Periodic freezes in a closed customer installation, eight months of looking for clues and nothing in a log file. Not a sausage. Not even a dodgy user.
So here we are with an application that is over fifteen years old with hundreds of similar installs without this problem. A WinForms desktop app with a SQL Server database with zero direct access and zero clues. Where do we start, Watson?
A long running database query? The UI thread being tied up performing some IO? You are looking in the wrong place, my friend - those would be far too obvious; the dev team who know this app inside out will have already been there - no, we need to go deeper.
Let’s just cut straight to the answer to highlight how bonkers obscure this bug was.
The bug was caused by the desktop background being changed to a solid colour. Yep, you read that right.
Do you want to find out how we found this in just a couple of hours? If so, read on - this is where we get technical.
Introducing the memory dump
This isn’t a place that many developers will go looking but from our experience, it’s the best place to see the internal workings of the application at the point the fault occurs.
As this is a WinForms application running on Windows, we have an exported memory dump. You have to grab this from the task manager in Windows the moment the problem occurs.
Keep in mind that this production environment was heavily locked down and only the internal IT team had any access to it. You know, just to keep things interesting.
Now to get out the magnifying glass, in true Sherlock style. Before you begin, it’s important to have an objective, because it’s easy to get distracted and dragged down a tangential rabbit hole in a memory dump file.
In this case, our objective was to:
Reproduce the issue and cause the application to freeze in exactly the same way on a developer machine.
So let’s jump right in, look at the call stack, and find out where the application is stuck.
The memory dump can be loaded into Visual Studio and debugged (Debug with Managed Only). This won’t be debugged in the normal sense where you can step through the running application. You will get the state of the application at a frozen point in time, which will include any variable state on the stack and any objects in the heap.
Be sure to load in the symbols for the exact version of the application running.

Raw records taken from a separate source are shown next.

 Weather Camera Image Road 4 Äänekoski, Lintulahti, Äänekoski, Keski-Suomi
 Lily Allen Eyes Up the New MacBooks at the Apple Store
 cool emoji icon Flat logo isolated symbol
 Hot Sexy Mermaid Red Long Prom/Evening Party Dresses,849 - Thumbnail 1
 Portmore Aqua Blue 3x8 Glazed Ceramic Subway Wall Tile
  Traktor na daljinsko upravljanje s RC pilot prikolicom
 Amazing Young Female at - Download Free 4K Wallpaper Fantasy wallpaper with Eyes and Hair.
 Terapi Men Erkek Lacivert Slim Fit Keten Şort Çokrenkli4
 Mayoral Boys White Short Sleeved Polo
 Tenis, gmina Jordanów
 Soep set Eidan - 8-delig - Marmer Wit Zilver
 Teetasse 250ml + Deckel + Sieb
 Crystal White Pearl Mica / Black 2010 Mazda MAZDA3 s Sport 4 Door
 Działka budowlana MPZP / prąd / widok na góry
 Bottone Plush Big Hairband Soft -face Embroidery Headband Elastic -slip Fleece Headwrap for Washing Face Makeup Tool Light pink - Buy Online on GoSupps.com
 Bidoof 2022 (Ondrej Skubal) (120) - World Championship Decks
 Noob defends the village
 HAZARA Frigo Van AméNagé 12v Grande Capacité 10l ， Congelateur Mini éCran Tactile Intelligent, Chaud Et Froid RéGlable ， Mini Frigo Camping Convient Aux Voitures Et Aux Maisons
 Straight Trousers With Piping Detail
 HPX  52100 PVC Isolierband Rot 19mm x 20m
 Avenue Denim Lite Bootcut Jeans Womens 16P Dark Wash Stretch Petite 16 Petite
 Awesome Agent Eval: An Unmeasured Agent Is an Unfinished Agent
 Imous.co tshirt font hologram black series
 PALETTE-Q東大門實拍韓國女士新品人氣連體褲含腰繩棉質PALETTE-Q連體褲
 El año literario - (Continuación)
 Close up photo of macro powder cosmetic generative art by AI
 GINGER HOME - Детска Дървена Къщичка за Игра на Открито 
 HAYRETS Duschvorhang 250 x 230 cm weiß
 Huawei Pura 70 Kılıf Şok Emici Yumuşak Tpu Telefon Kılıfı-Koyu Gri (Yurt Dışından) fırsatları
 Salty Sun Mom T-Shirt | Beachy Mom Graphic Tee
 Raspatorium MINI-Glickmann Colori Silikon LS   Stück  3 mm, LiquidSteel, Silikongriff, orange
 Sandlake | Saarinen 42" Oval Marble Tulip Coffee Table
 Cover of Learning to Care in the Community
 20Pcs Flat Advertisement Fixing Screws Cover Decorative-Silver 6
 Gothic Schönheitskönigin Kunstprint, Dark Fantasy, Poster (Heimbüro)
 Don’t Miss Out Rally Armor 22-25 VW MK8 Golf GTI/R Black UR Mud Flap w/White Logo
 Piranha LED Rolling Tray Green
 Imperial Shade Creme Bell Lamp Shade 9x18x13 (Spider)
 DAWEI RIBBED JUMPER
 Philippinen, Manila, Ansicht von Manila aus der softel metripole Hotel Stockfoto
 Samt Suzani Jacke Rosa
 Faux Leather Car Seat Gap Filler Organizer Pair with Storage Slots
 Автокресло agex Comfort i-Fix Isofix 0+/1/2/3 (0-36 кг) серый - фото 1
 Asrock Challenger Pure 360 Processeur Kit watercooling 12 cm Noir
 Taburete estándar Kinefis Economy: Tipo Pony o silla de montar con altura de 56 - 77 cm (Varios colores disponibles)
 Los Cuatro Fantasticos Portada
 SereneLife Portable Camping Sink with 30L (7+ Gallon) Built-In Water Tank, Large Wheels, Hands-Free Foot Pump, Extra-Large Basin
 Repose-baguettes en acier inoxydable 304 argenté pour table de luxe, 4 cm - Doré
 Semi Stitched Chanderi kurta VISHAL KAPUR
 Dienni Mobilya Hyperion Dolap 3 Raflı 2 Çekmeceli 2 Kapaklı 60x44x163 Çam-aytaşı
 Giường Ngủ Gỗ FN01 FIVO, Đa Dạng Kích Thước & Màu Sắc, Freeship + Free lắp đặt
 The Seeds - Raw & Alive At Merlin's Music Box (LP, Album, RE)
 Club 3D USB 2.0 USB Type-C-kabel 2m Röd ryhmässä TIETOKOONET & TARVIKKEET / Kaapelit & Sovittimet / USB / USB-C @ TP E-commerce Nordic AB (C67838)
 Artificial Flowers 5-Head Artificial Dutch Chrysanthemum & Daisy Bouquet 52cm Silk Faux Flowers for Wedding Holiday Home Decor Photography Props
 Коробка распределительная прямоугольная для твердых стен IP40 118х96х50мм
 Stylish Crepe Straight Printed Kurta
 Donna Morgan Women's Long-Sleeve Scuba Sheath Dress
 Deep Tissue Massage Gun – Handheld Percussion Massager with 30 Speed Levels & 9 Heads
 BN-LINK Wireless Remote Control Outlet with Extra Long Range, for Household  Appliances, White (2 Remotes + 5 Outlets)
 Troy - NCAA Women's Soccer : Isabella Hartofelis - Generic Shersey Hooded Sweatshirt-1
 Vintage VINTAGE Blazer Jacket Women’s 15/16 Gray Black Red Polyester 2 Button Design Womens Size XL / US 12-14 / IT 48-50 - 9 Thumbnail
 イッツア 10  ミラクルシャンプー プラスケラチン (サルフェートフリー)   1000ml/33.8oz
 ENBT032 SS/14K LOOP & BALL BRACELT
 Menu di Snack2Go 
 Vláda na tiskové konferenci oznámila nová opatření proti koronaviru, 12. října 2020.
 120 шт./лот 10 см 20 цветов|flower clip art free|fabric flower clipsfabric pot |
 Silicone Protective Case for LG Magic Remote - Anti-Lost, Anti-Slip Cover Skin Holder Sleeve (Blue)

Enter stage right, the Frozen Call Stack
Debugging the memory dump highlighted the frozen code call stack; this can be seen in the following screenshot:
Don’t worry, there’s nothing here that leaks any sensitive information or insights into this application.
Time to get the tweezers out, pull at the thread and decompile that XtraBars component. The frozen code pointed to two method calls executed in XtraBars BarAndDockingController. Using our old friend dotPeek, from JetBrains, we decompiled the referenced assembly and generated a Debug Symbol (pdb) file.
After loading in the pdb file to the current debug session, it revealed the following source code:
Ah-ha, Watson, we’re on to something here! This tells us that the code was stuck on a synchronisation context, which could mean something user interface-related was not executing against the right thread.
Let’s have a look at what Google can tell us about applications hanging OnUserPreferenceChanged.
Another clue: a support ticket on the DevExpress support center, where someone had posted a similar issue happening to them.
Not so fast, Watson, this could be a red herring! Their particular problem was related to pdf generation, but it did give us an indication there’s an issue with the DevExpress components.
This shows that we need to look a bit closer at the code in question. We could see the event handler for user preference changed system event is an event being fired from the operating system. The DevExpress user interface control was responding to the event.
The ‘Color’ category was identified as the data we needed. Let’s take a look at the UserPreferenceCategory enum for a full list of the fields. Ah-ha! This is the one we’re interested in!
We’re on the right track, this seems more familiar!
Now we can attempt to reproduce the issue and prove our hypothesis. We know the operating system was firing an event that the application DevExpress control was freezing on - all it took was finding which one.
We realised we needed to trap the culprit! We created a tiny test application to capture the event category of “Color’ so that we could poke the settings until it happened.
Trial and error, keep poking until you capture the event, Watson! After running plenty of different personalisation settings, we found switching to a solid color background caused the “Color” category event to fire:
I think we might have found something, Watson! Let’s see if it does what we expect.
Sure enough the application froze in exactly the same way as the production environment when we changed the background to a solid colour in the settings.
A question for the IT team: do you happen to have a group policy of changing the background of your machines to a solid colour? You do? How interesting. May we suggest that you alter that policy until a patch is released?
Our work here is done. Case closed.
It’s simple when you know how, but not so simple to work out. Next time you have a really tricky problem to solve, try taking a look at the memory dump and digging deeper into the code.
You never know, you might get the nickname Sherlock ;)